Bhutan Telecom (DrukNET to be precise) lead by Ganga sir/Jichen sir/Norbu sir et al, was where the seeds of FOSS in Bhutan were sown in the late 90s. BSD used to be the defacto OS then at DrukNET (with gradual shift to Red Hat and Debian based systems), along with most netops and network services tools.
DrukNET/BT, Tashi Infocomm, DrukREN, and NSRC were the early founders and supporters of btNOG, which ensured its sustainability over the past 11 years (with help from other funding agencies and the efforts from group of volunteers).
The workshops offered at btNOG (DNS, NetSec/InfoSec, Systems Admin, Network Management, etc) have always been based on FOSS tools (excepting Router/Switch OSes).
Cheers, — Tashi
On 7 Jan 2025, at 12:35 pm, Mathew Cherry G. cherry@backyardinnovations.co.uk wrote:
Hi everyone,
Just forwarding this from the Network Operators' Group, Bhutan.

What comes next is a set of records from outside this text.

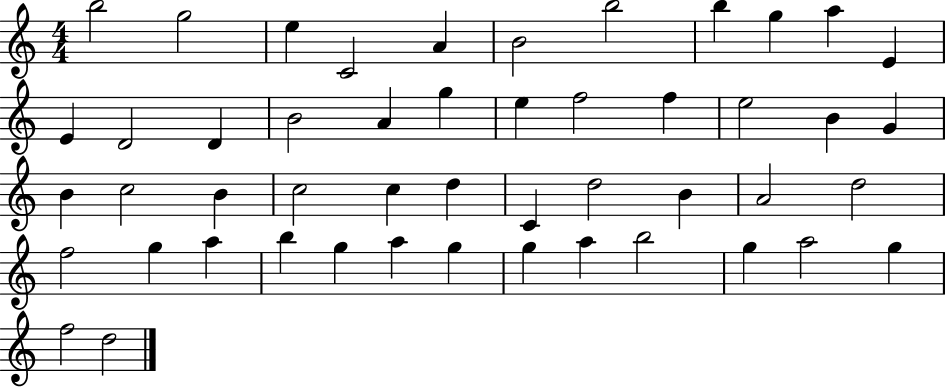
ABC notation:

X:1
T:Untitled
M:4/4
L:1/4
K:C
b2 g2 e C2 A B2 b2 b g a E E D2 D B2 A g e f2 f e2 B G B c2 B c2 c d C d2 B A2 d2 f2 g a b g a g g a b2 g a2 g f2 d2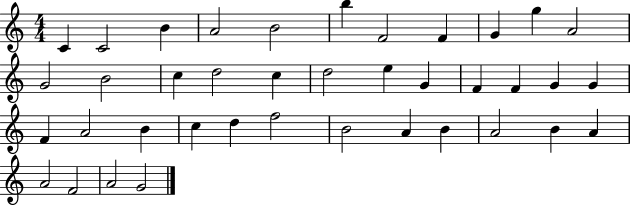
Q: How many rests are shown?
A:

As you probably already know, the NoGs and FOSS communities have some overlap especially, wrt network code, infrastructure, etc.
Hope this is useful - I was at BTNoG last year, and it definitely looked interesting - esp because in my experience, the Bhutan ISP/infra needs more talent and help. So feel free to volunteer!
https://nog.bt for more.
Best,
-- Math/(~cherry)
-------------------- Start of forwarded message -------------------- From: Tashi Phuntsho toebinoz@gmail.com Date: Mon, 6 Jan 2025 14:38:25 +1000 To: btnog@nog.bt CC: BTNOG Coordination btnog-coord@nog.bt Subject: [btNOG] Re: Call for btNOG12 Volunteers!
Hi All, My apologies for missing out the year in my previous email.
Please see the following update:
btNOG12: 2025 Workshops: 17-21 August Conference: 22 August
btNOG13: 2026 Workshops: 16-20 August Conference: 21 August
btNOG14: 2027 Workshops: 15-19 August Conference: 20 August
Thanks once again, — Tashi (on behalf of btNOG Coordination Team)
On 6 Jan 2025, at 2:36 pm, Tashi Phuntsho toebinoz@gmail.com wrote:
Happy 2025 Everyone!
Future btNOG dates have been finalised as follows (venue/location will be decided closer to the event):
btNOG12: Workshops: 17-21 August Conference: 22 August
btNOG13: Workshops: 16-20 August Conference: 21 August
btNOG14: Workshops: 15-19 August Conference: 20 August
To allow for better planning and coordination, we will be running btNOG workshops (5-days) and conference (1-day) on the 3rd week of August every year going forward,
As you all know from your previous attendance at btNOG conferences/workshops, the annual btNOG event is coordinated and arranged by a group volunteers from the community.
To ensure long term sustainability, we are always hopeful that we will have new volunteers every year, with a couple of previous coordination team members staying back to guide and mentor.
The btNOG team is now seeking volunteers from the Bhutanese ICT community to be a part of the btNOG Coordination Team.
Please submit your expression of interest to btnog-coord@nog.bt mailto:btnog-coord@nog.bt (please include your contact details, where you work and 1-2 sentences on why you would like to volunteer for the coordination team).
Do feel free to forward this to your friends/colleagues who have attended previous btNOG conferences/workshops.
Thanks, — Tashi (on behalf of btNOG Coordination Team)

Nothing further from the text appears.